I always figured I’d make a great secret agent. I’m a pretty good shot (at least with my Red Ryder BB gun), I’m nearly unnoticeable in a crowd (especially at “singles” events), and I know how to keep a secret (I’ve never told anybody that story about OWC Michael, the ferret, and the jar of strawberry jam). It’d be a pretty sweet gig, too: you get a spiffy wardrobe, are accompanied by attractive women with double entendres for names, and—of course—the quartermaster gives you a load of awesome gadgets to play with.
Alas, for a myriad of reasons, it’s not to be. But I can at least act all super-sneaky and such by encrypting data that I want to keep “private” using an encrypted disk image for my data. (Hey, Katie, how’s that for a roundabout, tangental introduction to an article? Ha!)
All kidding aside, though, there are a number of reasons you may want to have encrypted files on your hard drive(s). How about:
- If you’re a musician who has all the track files for your latest album on a drive and you don’t want them getting out if your drive is lost or stolen.
- If you have the plans for your company’s next big product that you need to keep with you as you move from supplier to supplier.
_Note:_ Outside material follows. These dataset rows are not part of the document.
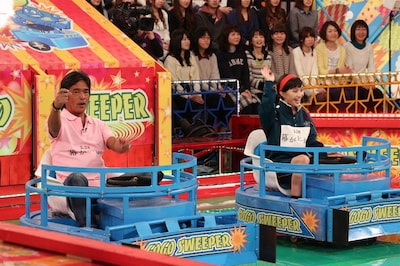 「VS嵐」出演時の松崎しげる、百田夏菜子（ももいろクローバーZ）。 (c)フジテレビ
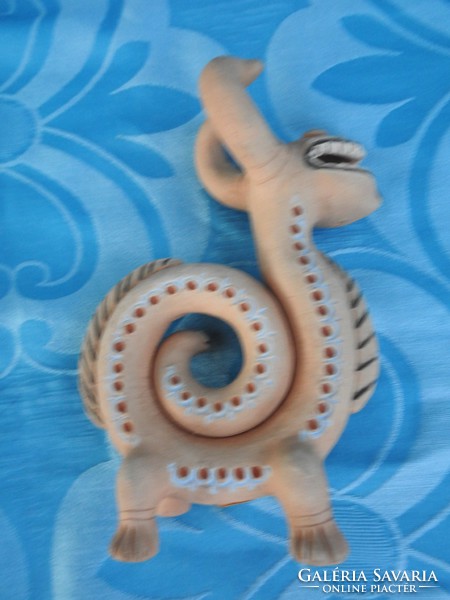 Sárkánykígyó - jelzett szobor kígyó
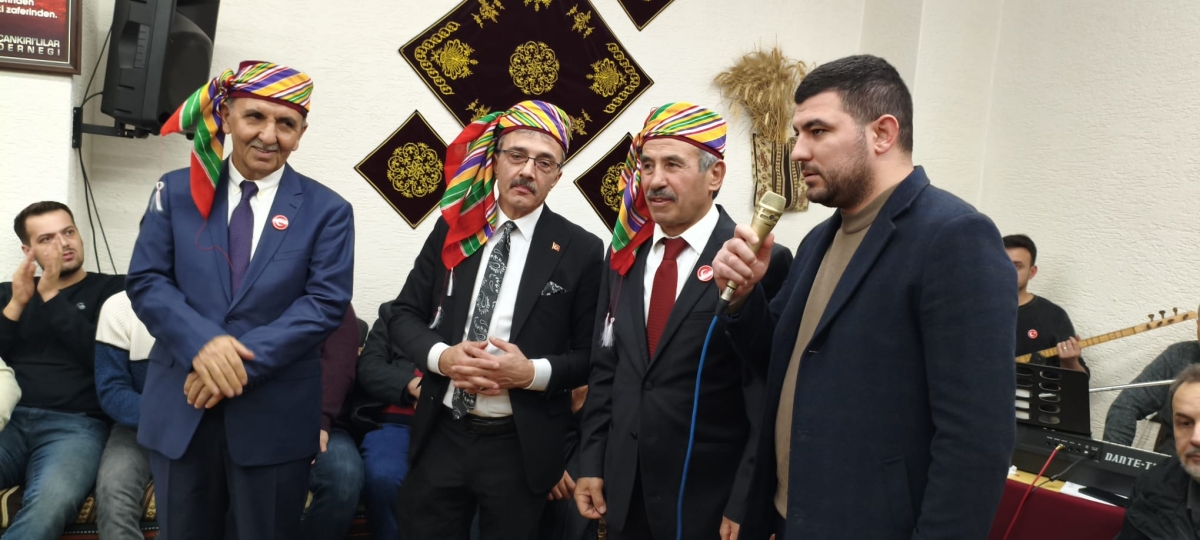 FOTOĞRAF KARELERİ: Sakarya Yaren Geceleri’nde Tarihi Anlar (07.02.2026) Sakarya Çankırılılar Derneği’nin ev sahipliğinde, Erenler Belediye Başkanı Şenol Dinç’in katılımıyla gerçekleşen muhteşem Yaren Gecesi’nden objektiflere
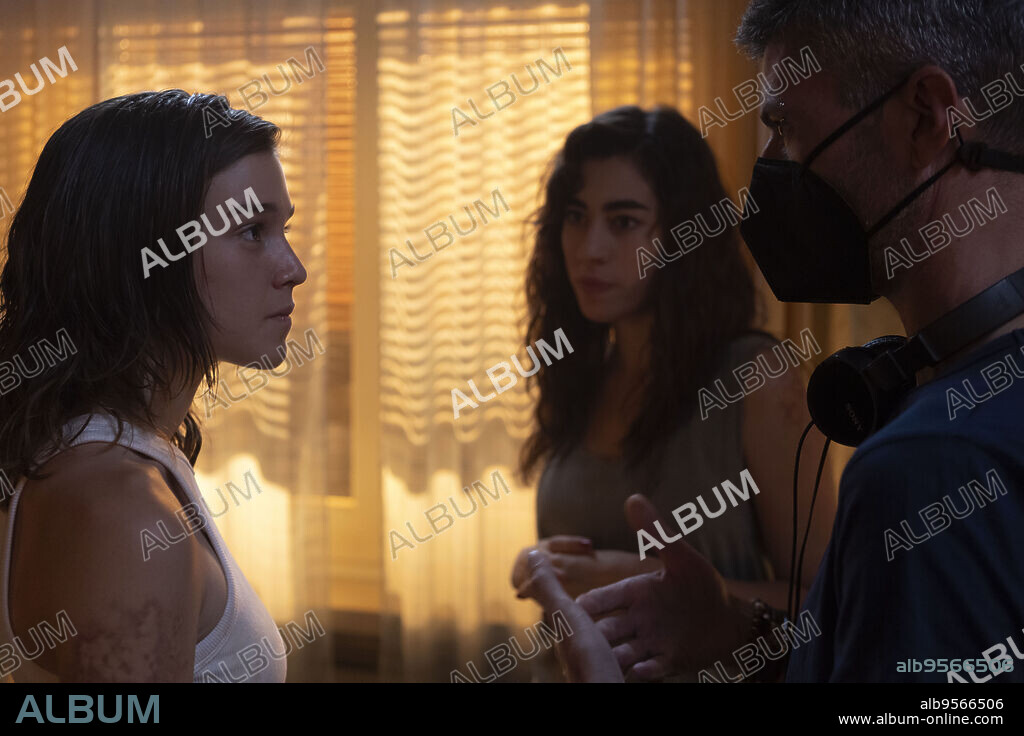 AINA QUIÑONES, CARLA CAMPRA and VICTOR GARCIA in THE COMMUNION GIRL, 2022 (LA NIÑA DE LA COMUNION), directed by VICTOR GARCIA. Copyright IKIRU FILMS.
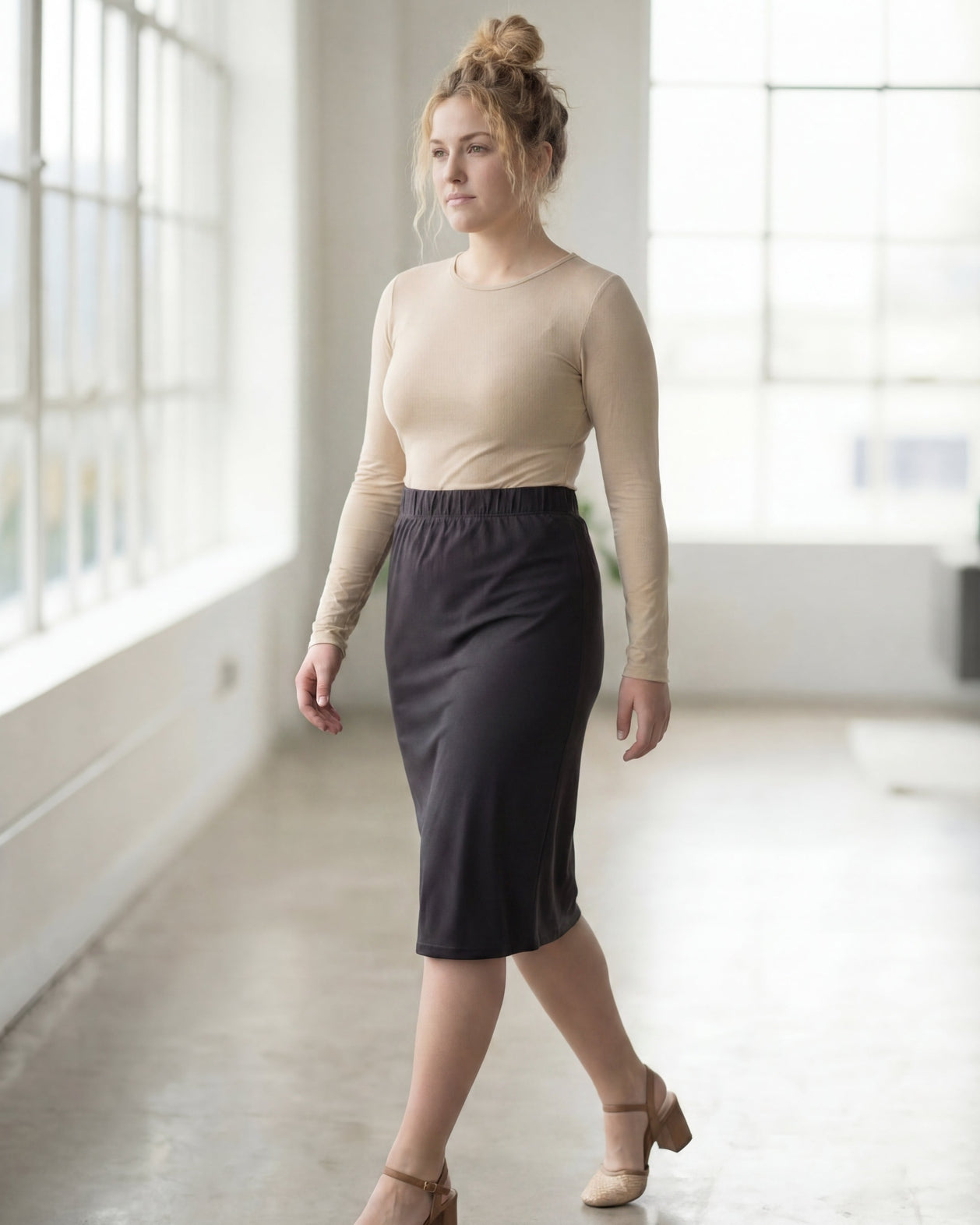 27" Lightweight Lined Pencil Skirt in Steel Grey nuggles-clothing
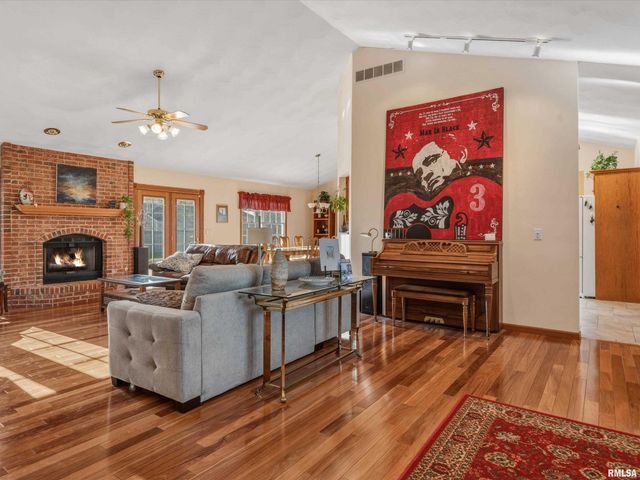 3804 GREENFIELD Drive, Springfield, IL 62704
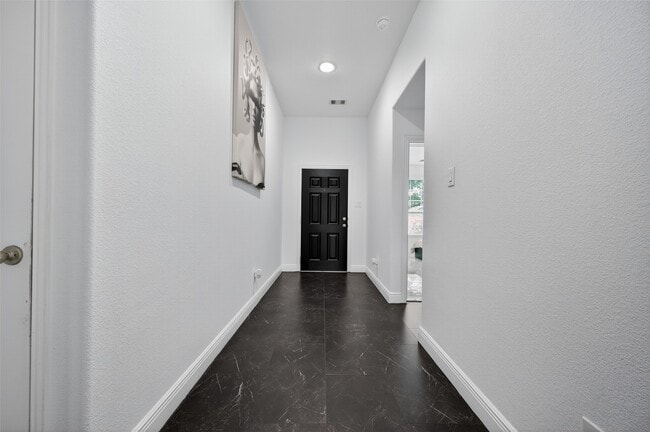 Building Photo - 16318 Brookside Willow Ln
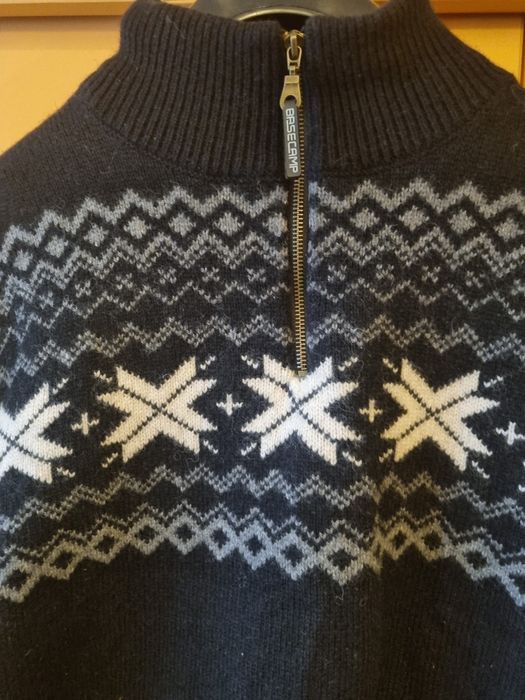 Мъжки вълнен пуловер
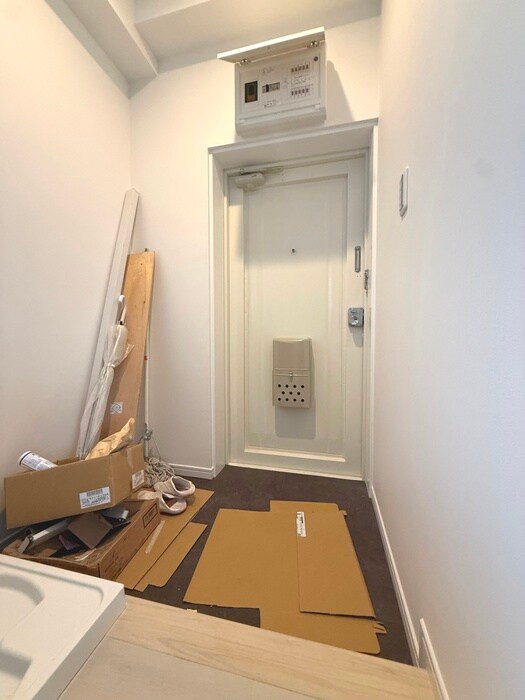 物件内観写真14　(玄関)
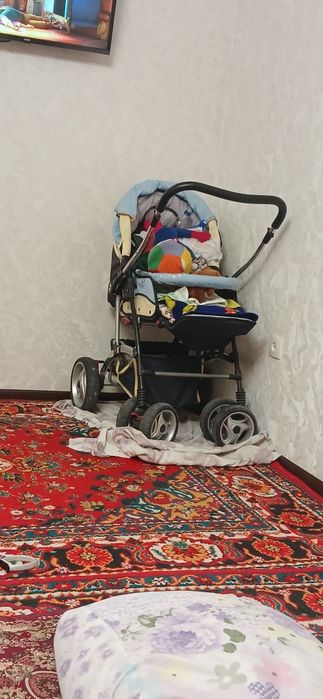 Каляска сотилади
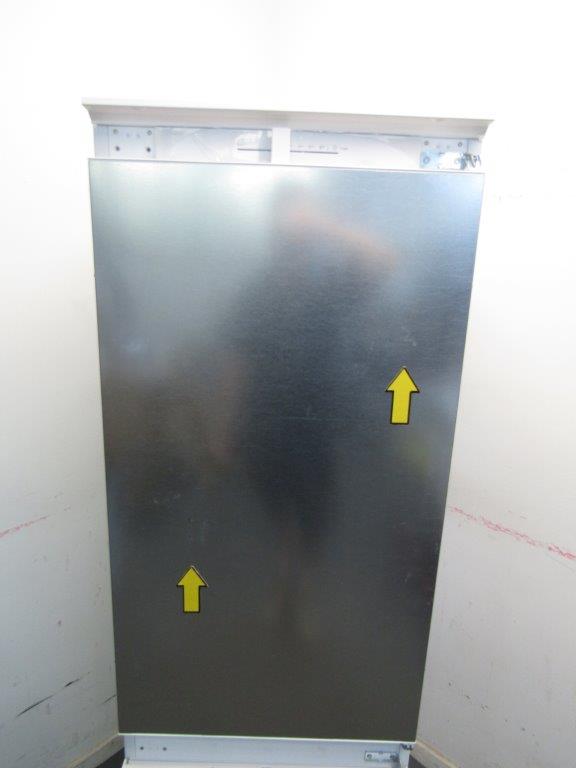 Bosch KIN86NSF0G Fridge Freezer Fully Integrated GRADE A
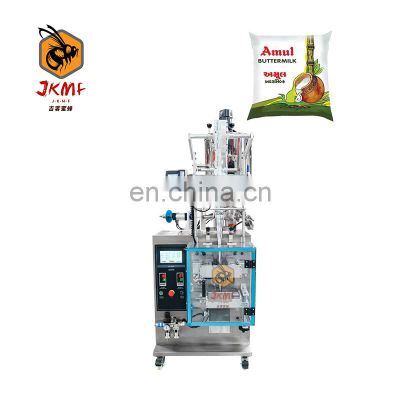 Factory direct price small vertical liquid packaging machine coconut milk packaging machine accurate positioning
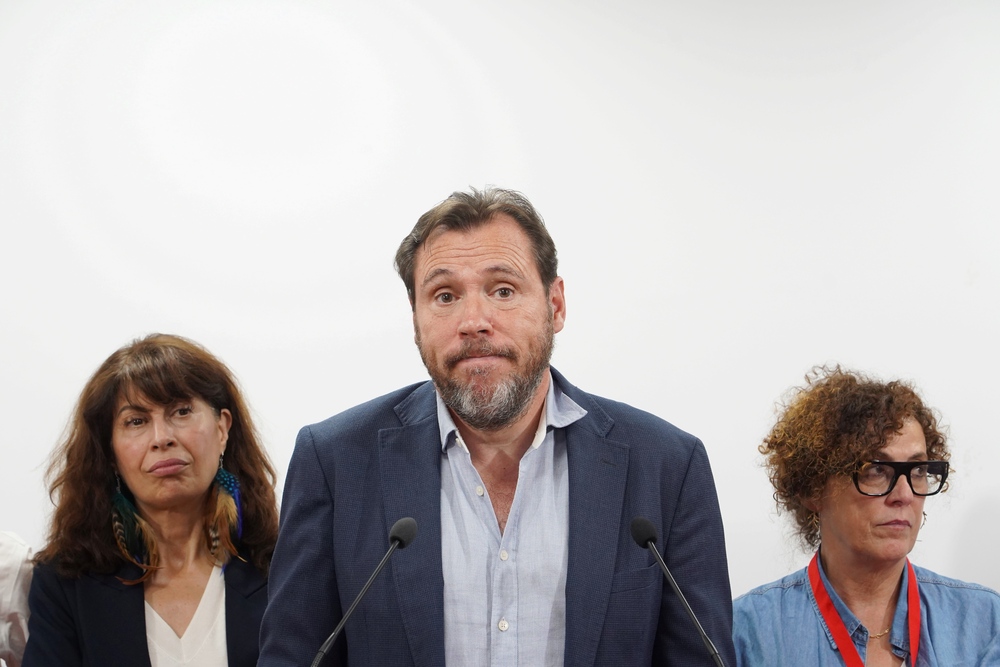 El candidato socialista a la alcaldía de Valladolid, Óscar Puente, tras el resultado electoral  / MIRIAM CHACÓN / ICAL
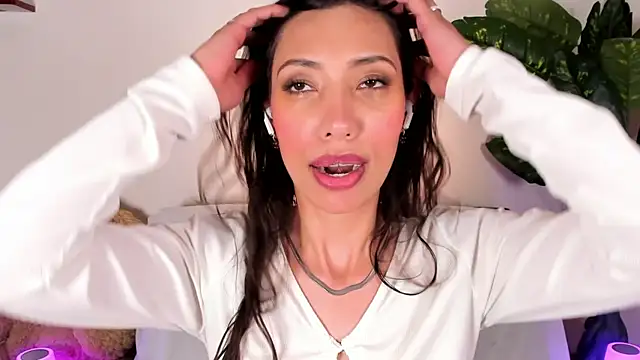 Snapshot of Miss_veronicaa2 chatting on May 11, 2026, 1:28 pm Miss veronicaa2 online show from May 11, 2026, 1:28 pm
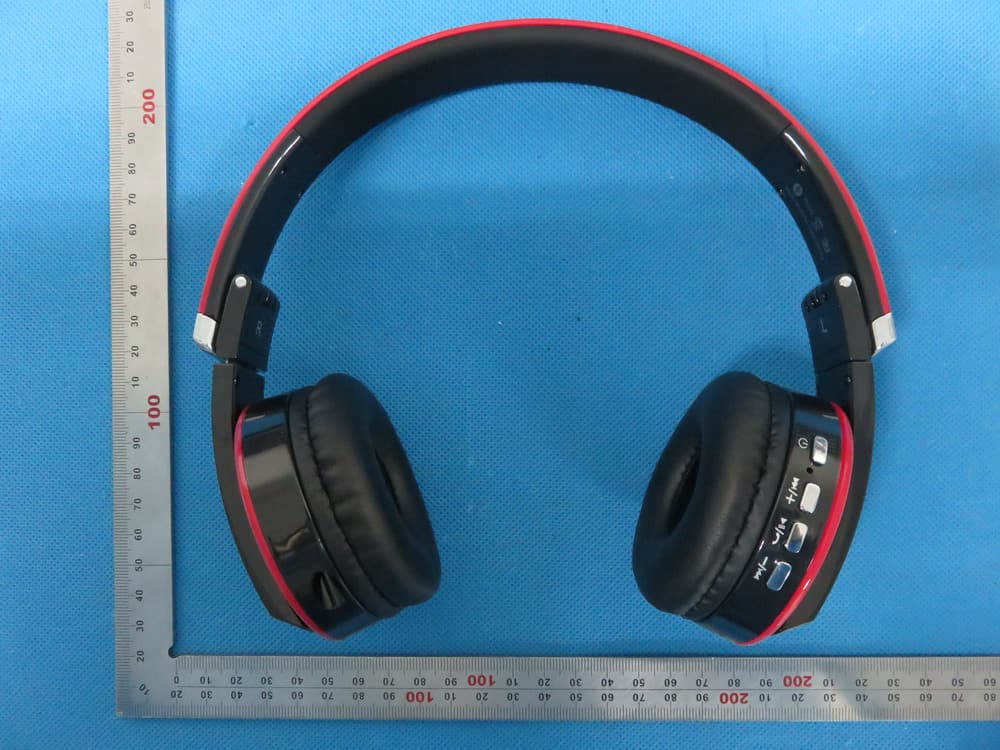 Bluetooth Headphones - FCC ID OYCH010 - Dongguan Taide Industrial Co., Ltd. (2)
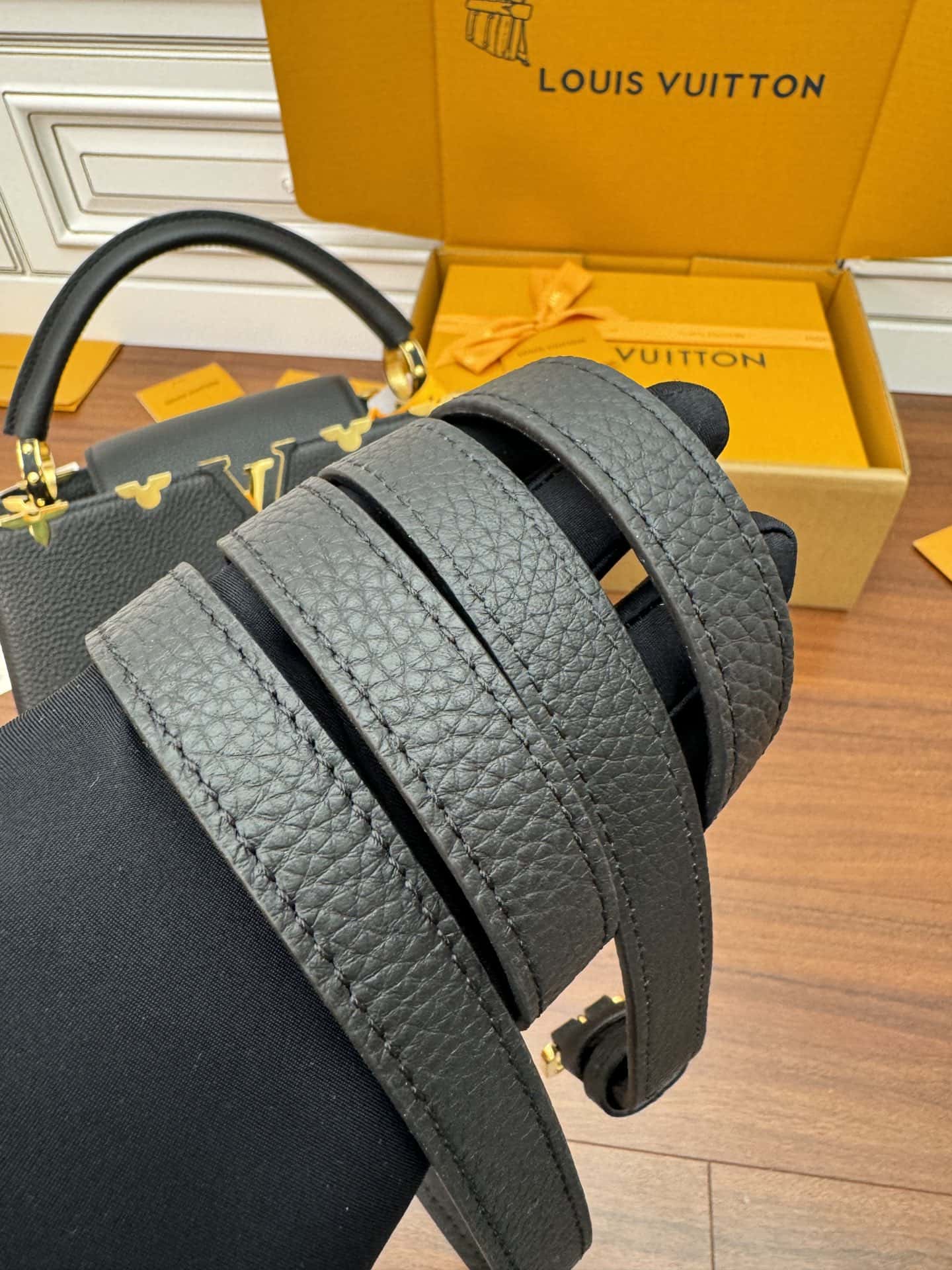 LV M54663特正版 Capucines 中號手袋¥3,480.00-頂級1:1精品高仿包包香港台灣批發價格推薦微信哪裡買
- If you use any online “cloud-based” storage (such as Dropbox, Google Drive, SkyDrive, etc.), where your data is not on storage under your direct control.
- If you have sensitive data you’d like to be “for your eyes only” (such as holiday gift lists, tax info, or your plans for world domination).
Of course, there’s more than one way to encrypt your data; much of it depends on usage and preferences. Windows has its own encryption options, and if you’re working in a mixed-OS environment, you may want to look into the cross-platform PGP utilities available for the appropriate OS versions you’re using.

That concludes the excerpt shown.